Franz West and the Touch of Art
Franz West began working actively as an artist in 1970, at a time when the Viennese Actionism movement was shocking Austrian society. He distanced himself from the Actionists’ performances – defined by violence, nudity or sexuality – but not from the desire to provoke. West wanted to break taboos, but those taboos lay within the art world itself, a world dictated by society and tradition. Although the artist’s early works consist of collages and paintings, West is best known for his ‘touchable’ sculptures and installations – the highlights of his career spanning 40 years.
Through his sculptures, West analyses the nature of art, its display and the viewer’s relationship to it. The artist does not reinvent; he simply identifies and plays with existing features of the art world. By overcoming the rule of not touching the art, he changes the dynamic of museums and galleries. As a result, traditional boundaries become obsolete. The onlooker is not supposed to be a silent observer anymore, they become an active component. The audience actively engages with the art, and its reaction becomes the centrepiece of West’s sculptures.
In the early seventies Franz West created his first Passstücke or ‘Adaptives’. These portable sculptures of papier-mâché, cardboard, wire, gauze and white paint that can adopt all kinds of forms. They are meant to be carried by the viewer, whose involvement does not only complete the pieces, but transforms them into art, according to West. By placing mirrors and sometimes private mirrored booths in his exhibitions, the artist gives viewers the chance to see themselves interact with the sculptures. Through the years, the dimensions of Franz West’s sculptures have gradually increased. From portable pieces to monumental outdoor installations such as The Ego and the Id (2008), West has remained faithful to bulging biomorphic forms in bright colours that invite viewers to climb or sit on them. With a vivid sense of humour and a weakness for irony, Franz West pairs his clumsy prosthetic-like sculptures with philosophical or political sideswipes, through the titles or their geographical location. A perfect example would be Les Pommes d’Adam from 2007, a temporary installation of four pink phallic sculptures on the place Vendôme in Paris next to Napoleon Bonaparte’s Vendôme Column, built to commemorate his victory in the battle of Austerlitz.

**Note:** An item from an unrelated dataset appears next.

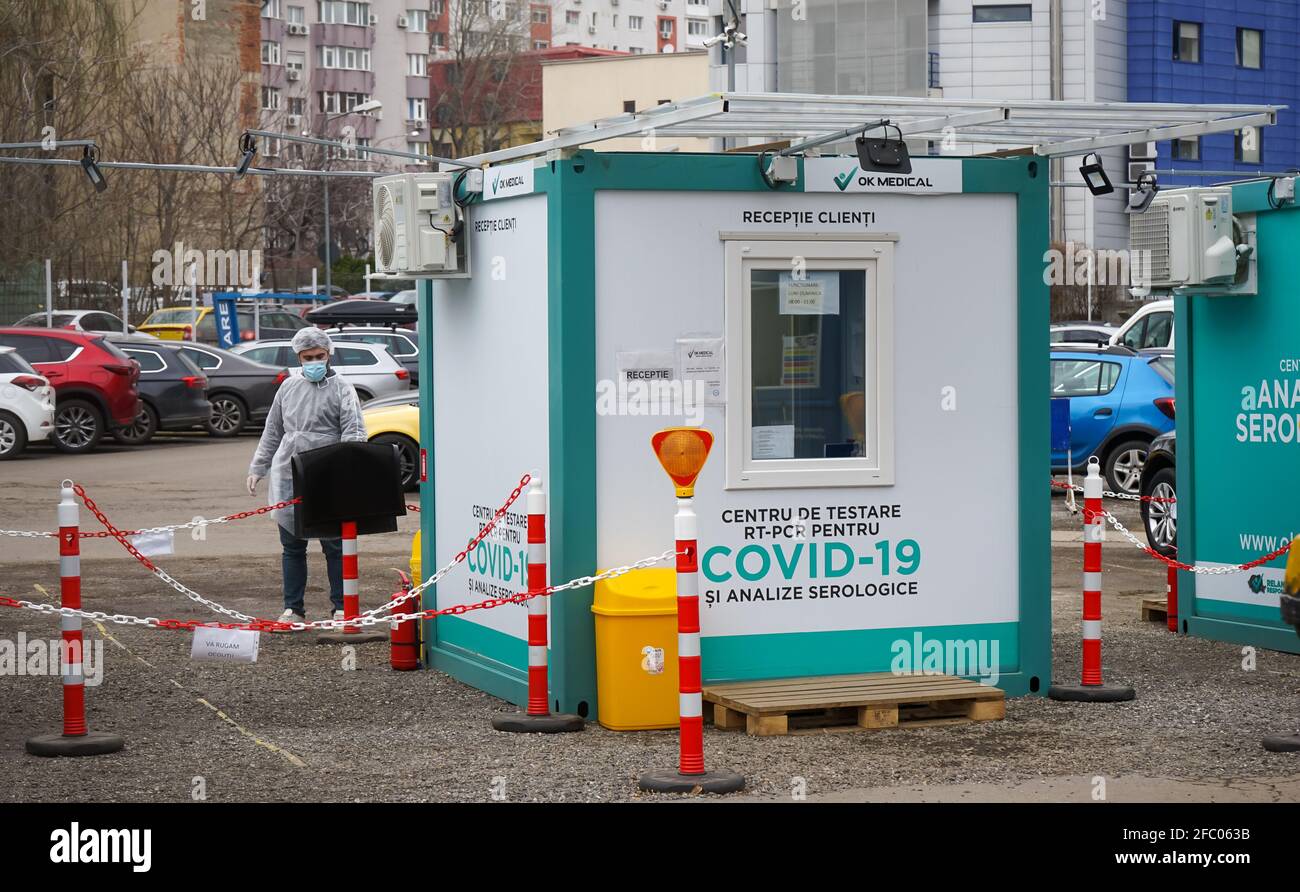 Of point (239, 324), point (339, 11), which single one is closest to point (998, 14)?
point (239, 324)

It was not until the 1980s that West created and incorporated furniture, such as sofas, chairs and beds into his exhibitions. These sitting arrangements made it more and more clear that sitting or lying down is a crucial part of West’s works. The sculptures do not only facilitate social interaction, but they also incite the viewer to experience their tangibility by prolonging physical contact with them. West declared in 2007: ‘It doesn’t matter what the art looks like, but how it’s used.’ (Interview with Roxana Marcoci for the MoMA’s exhibition Comic Abstraction). Thanks to their usefulness, the sculptures and furniture become part of the viewer’s life, combining art and design.
When Franz West died in July 2012 in Vienna, the city where he lived and worked, he was recognized as one of Austria’s most influential sculptors on the international art scene. Represented among others by the renowned Gagosian Gallery, Franz West has had two major retrospectives at the Museum Ludwig in Cologne in 2010 and the Baltimore Museum of Art in 2011. Furthermore, he was awarded the Golden Lion at the Biennale di Venezia in 2011 for Lifetime Achievement.